Material provided section start

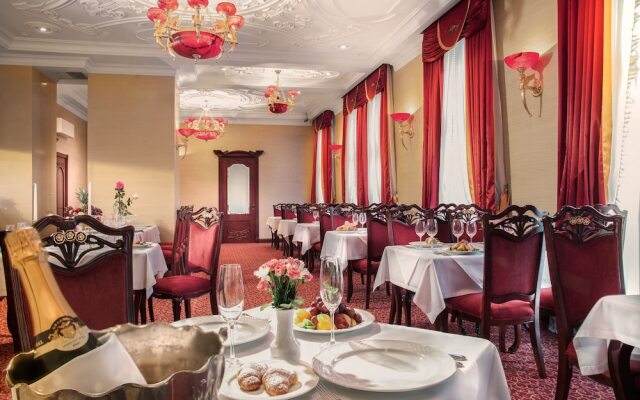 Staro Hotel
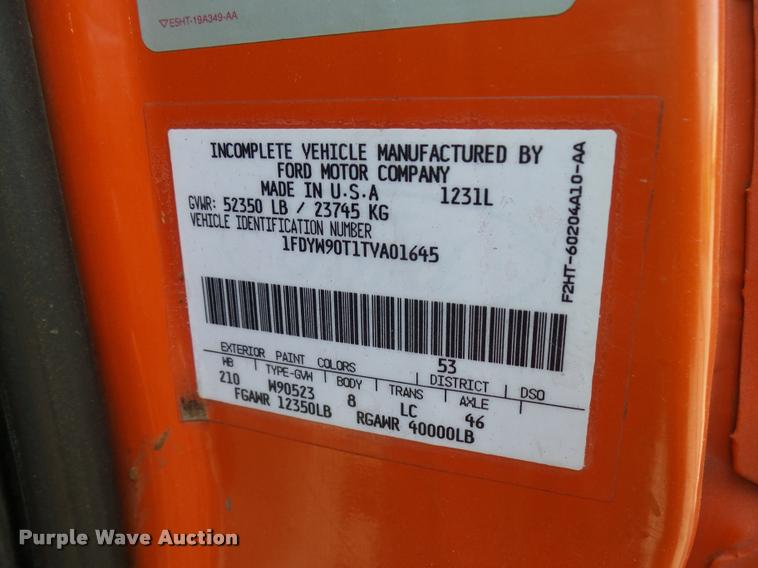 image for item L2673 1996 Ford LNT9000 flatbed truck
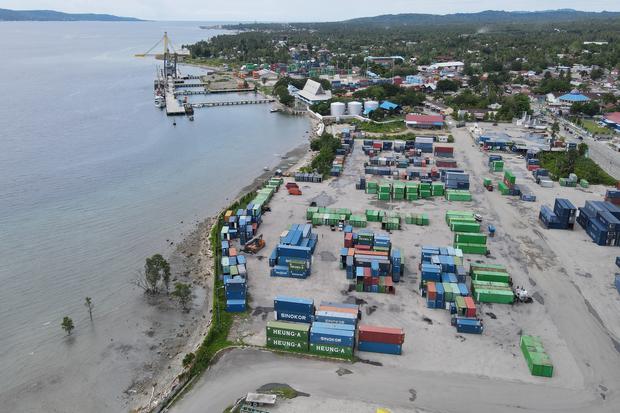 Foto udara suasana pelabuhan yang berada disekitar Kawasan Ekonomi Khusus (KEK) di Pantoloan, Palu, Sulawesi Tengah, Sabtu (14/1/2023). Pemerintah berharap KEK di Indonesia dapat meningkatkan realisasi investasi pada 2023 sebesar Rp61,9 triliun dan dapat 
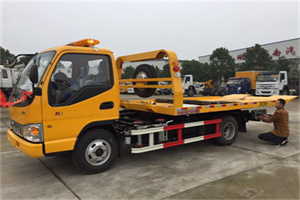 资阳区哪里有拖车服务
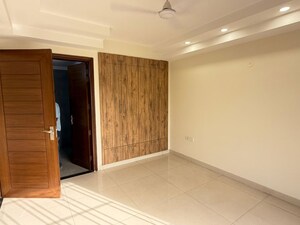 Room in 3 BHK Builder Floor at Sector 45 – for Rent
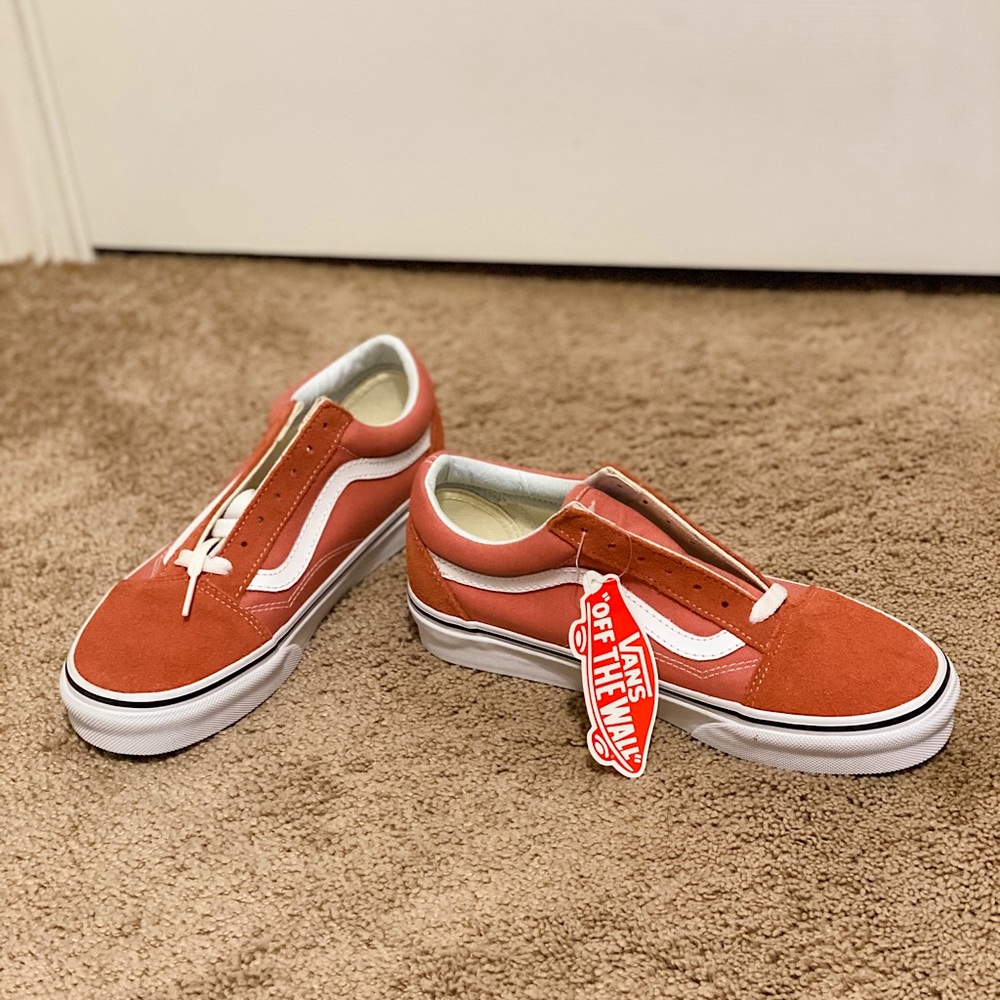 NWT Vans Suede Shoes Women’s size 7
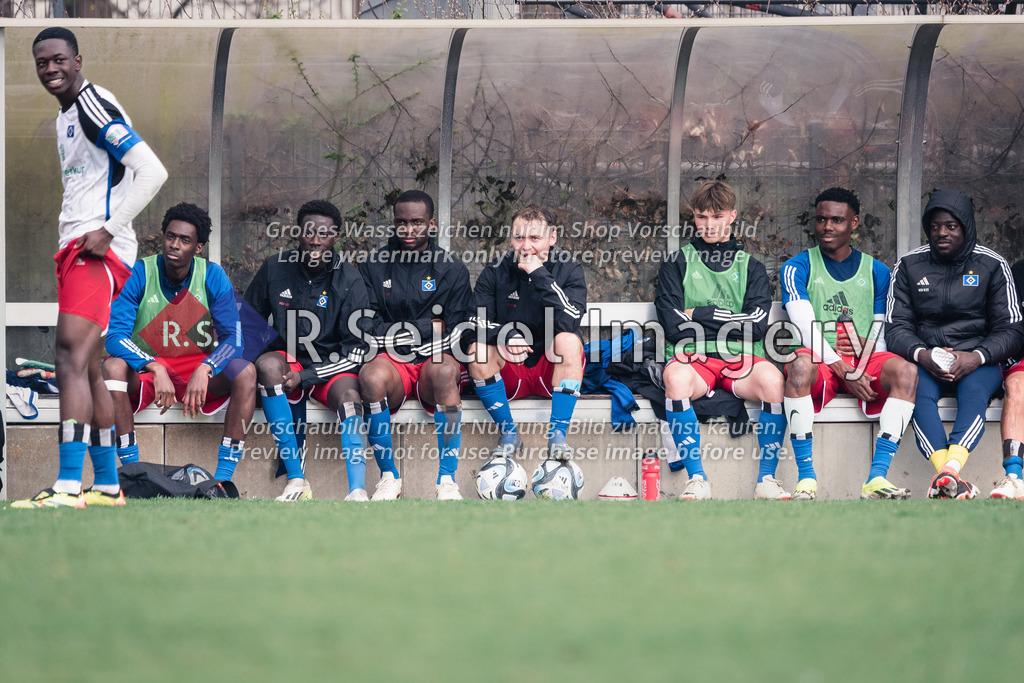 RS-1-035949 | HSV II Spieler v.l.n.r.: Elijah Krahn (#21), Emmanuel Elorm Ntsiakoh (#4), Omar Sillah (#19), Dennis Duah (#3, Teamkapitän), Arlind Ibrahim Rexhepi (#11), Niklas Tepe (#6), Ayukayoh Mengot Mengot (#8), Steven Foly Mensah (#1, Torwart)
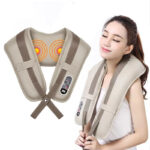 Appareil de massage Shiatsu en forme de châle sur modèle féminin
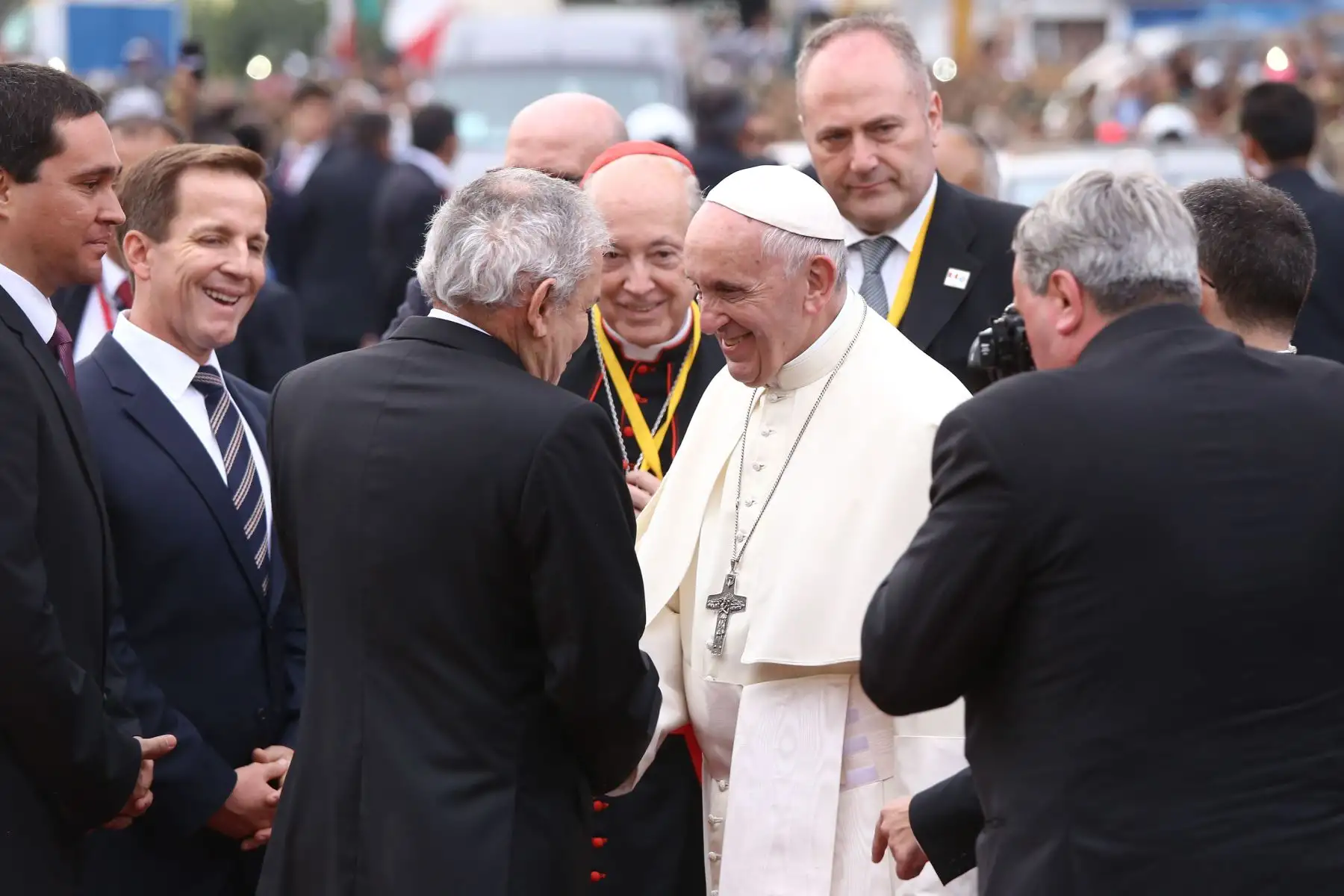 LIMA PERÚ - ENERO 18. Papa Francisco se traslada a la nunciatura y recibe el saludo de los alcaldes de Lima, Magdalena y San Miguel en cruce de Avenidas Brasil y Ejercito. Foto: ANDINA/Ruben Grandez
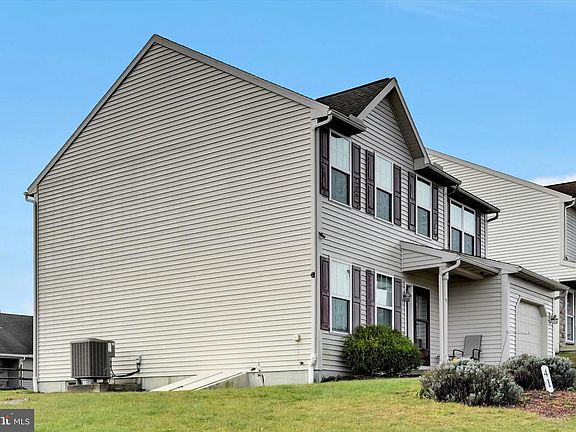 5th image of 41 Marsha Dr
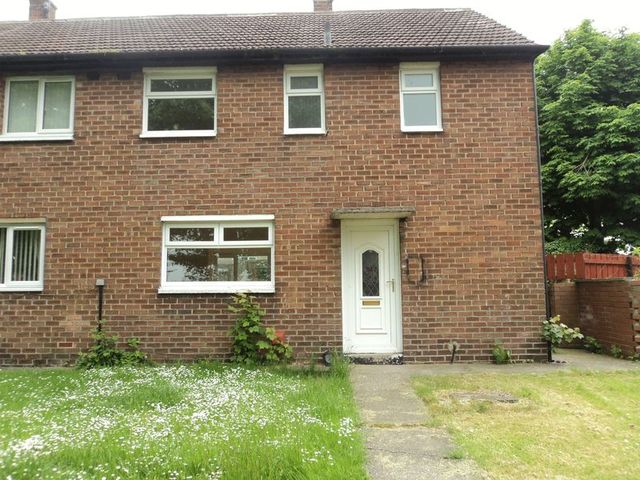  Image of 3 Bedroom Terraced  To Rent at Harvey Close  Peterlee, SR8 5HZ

Material provided section end

The expected output is every line of the data, unchanged, with the pictures skipped.

 Staro Hotel
 image for item L2673 1996 Ford LNT9000 flatbed truck
 Foto udara suasana pelabuhan yang berada disekitar Kawasan Ekonomi Khusus (KEK) di Pantoloan, Palu, Sulawesi Tengah, Sabtu (14/1/2023). Pemerintah berharap KEK di Indonesia dapat meningkatkan realisasi investasi pada 2023 sebesar Rp61,9 triliun dan dapat 
 资阳区哪里有拖车服务
 Room in 3 BHK Builder Floor at Sector 45 – for Rent
 NWT Vans Suede Shoes Women’s size 7
 RS-1-035949 | HSV II Spieler v.l.n.r.: Elijah Krahn (#21), Emmanuel Elorm Ntsiakoh (#4), Omar Sillah (#19), Dennis Duah (#3, Teamkapitän), Arlind Ibrahim Rexhepi (#11), Niklas Tepe (#6), Ayukayoh Mengot Mengot (#8), Steven Foly Mensah (#1, Torwart)
 Appareil de massage Shiatsu en forme de châle sur modèle féminin
 LIMA PERÚ - ENERO 18. Papa Francisco se traslada a la nunciatura y recibe el saludo de los alcaldes de Lima, Magdalena y San Miguel en cruce de Avenidas Brasil y Ejercito. Foto: ANDINA/Ruben Grandez
 5th image of 41 Marsha Dr
  Image of 3 Bedroom Terraced  To Rent at Harvey Close  Peterlee, SR8 5HZ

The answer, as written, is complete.